No wonder Lucian Grainge is lobbying for a larger share of streaming revenue for Universal's artists, the company's control of the market is going in the wrong direction, as in DOWN!

This is a live business. Touring is where it's at.

And new acts develop on TikTok.

Michael Rapino is the most powerful person in the music business today. BECAUSE HE PAYS THE ARTISTS!

All this hogwash about Ticketmaster obscures the fact that it is concert promoters who are keeping the artists alive, not record labels. Sign a record deal and you may get...nothing. All the money your contract delineates goes to recording and associated expenses.
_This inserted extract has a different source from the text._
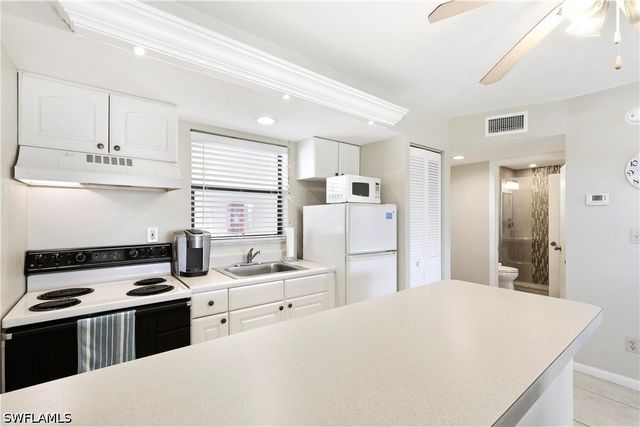1024 Anglers CV C510, Marco Island, FL 34145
Good luck buying a Hyundai (although Hyundai is a damn good car today, almost all cars are good, and in truth most musicians are driving used cars, if they own an automobile at all).

And as you move up the economic scale... Haven't you heard, it's been in the news for twenty years, big acts make most of their money on the road. And it's not only the classic ones, but the new ones too! Believe me, BeyoncΓ© is going to make more on the road than she did from her last album "Renaissance."
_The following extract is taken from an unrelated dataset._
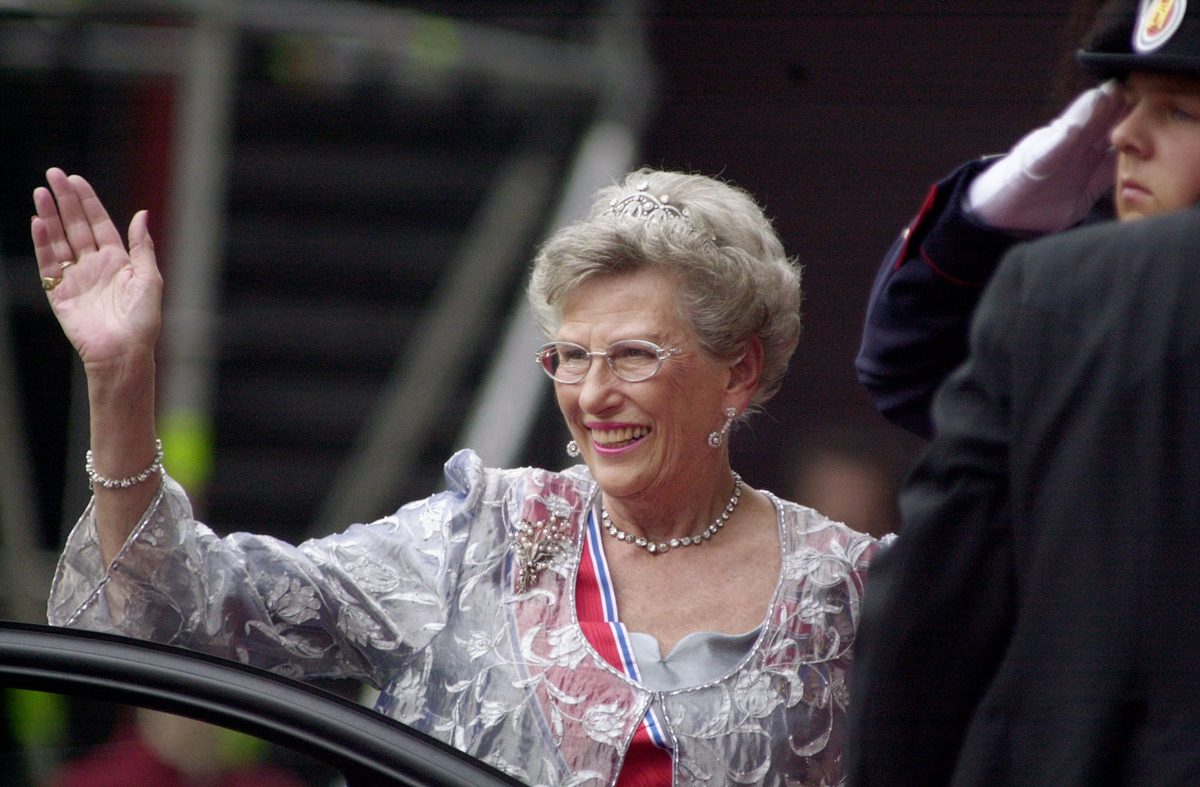 Må statsoverhoder forberede seg på nok en tur til Oslo? Slik kan prinsesse Astrids gravferd bli.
The pulse of new music development?

TikTok!

So there you have it, major labels mean less, but even worse, their number one focus, terrestrial radio, also means less. It's like investing in buggy whips. Sure, most people are using the horse and wagon, but adoption of the car...there's a tipping point, which seems almost instant. Like with digital photography, which erased film, and the iPod/iPhone, that killed the CD. (Oh, don't quote CD, vinyl and cassette sales figures, they're de minimis compared to streaming, if you do you're as myopic as "Billboard" itself.)

In other words, oftentimes you can see change on the horizon, assuming you're looking for it, and there comes a day when the landscape flips. But the old entities attached to the old ways refuse to adjust, they believe in holding back the future, staying rooted in the past, to their detriment, because the public is not controlled by them.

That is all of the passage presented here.